A few years later, he advanced his education at Jackson State University where he received a full scholarship.

“My wife graciously let me go to Jackson State and I even lived on campus,” laughed Anderson. “And, St. Andrew allowed me to forgo our Wednesday night Bible Class and I’d come back on weekends to preach. I thank God for the congregation. They’ve stood by me and we’ve tried to stand by each other through thick and thin as they say.” 

Anderson said he looks at his congregation as a community. 

“I define community as a group of people…it’s not just the buildings, it’s a group of people who work together towards a common goal like here at St.
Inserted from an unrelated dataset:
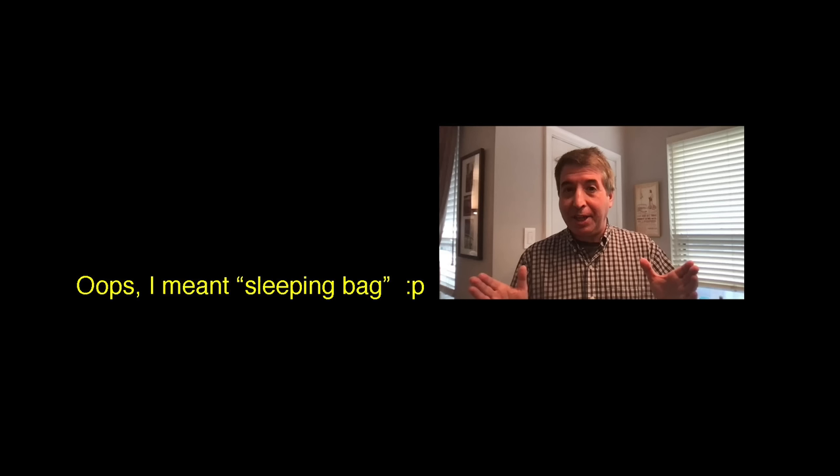The day of the eclipse, April 8th, will be a Monday. If you're able to make a long weekend out of it, obviously that's the way to go — not everyone will be able to, but if you can pull it off, definitely do it. And try to be as self-sufficient as you can: have water, extra water, food, keep the gas tank filled up, and maybe even bring a sleeping blanket just in case.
Andrew,” said Anderson. “One of the things that I loved about St. Andrew and when I came here, St. Andrew was involved with community work.”

Anderson said if people have needed help in the community, St. Andrew didn’t hesitate to lend a helping hand. 

“We’ve assisted with all kinds of needs in the community and that is something that is especially close to my heart because I’m a giver,” said Anderson. 

He then provided words of encouragement by saying that sometimes we have to stop and encourage ourselves when we feel like we’re becoming depressed or anxious.

“You’ve got to remember the Word tells us to be anxious for nothing, but in all things through prayer and supplication with thanksgiving make your requests known to God and goes on to tell us that He will guard your heart and minds,” said Anderson. “That’s what we need, we need to surrender to heal.”

Anderson says that he always encourages people to keep the faith, especially during these unprecedented times. 

“I hear people saying ‘keep the faith’ and that’s more than a notion, because in times like these people’s faith is being tested,” he said. “Well, our mantra at St. Andrew is, ‘Let your light so shine before men that they may see,’ an excerpt from Matthew 5:16 which says ‘let your light so shine before men that they may see your good works and glorify your Father which is in heaven,’” said Anderson.  “People see light and so my wish for St. Andrew is that we will continue to shine as a light in the community, even a light in this county, but to let that light shine brighter…and it is my hope that through this [COVID-19], which is bringing about a greater spiritual growth, it will draw us closer to the Lord.”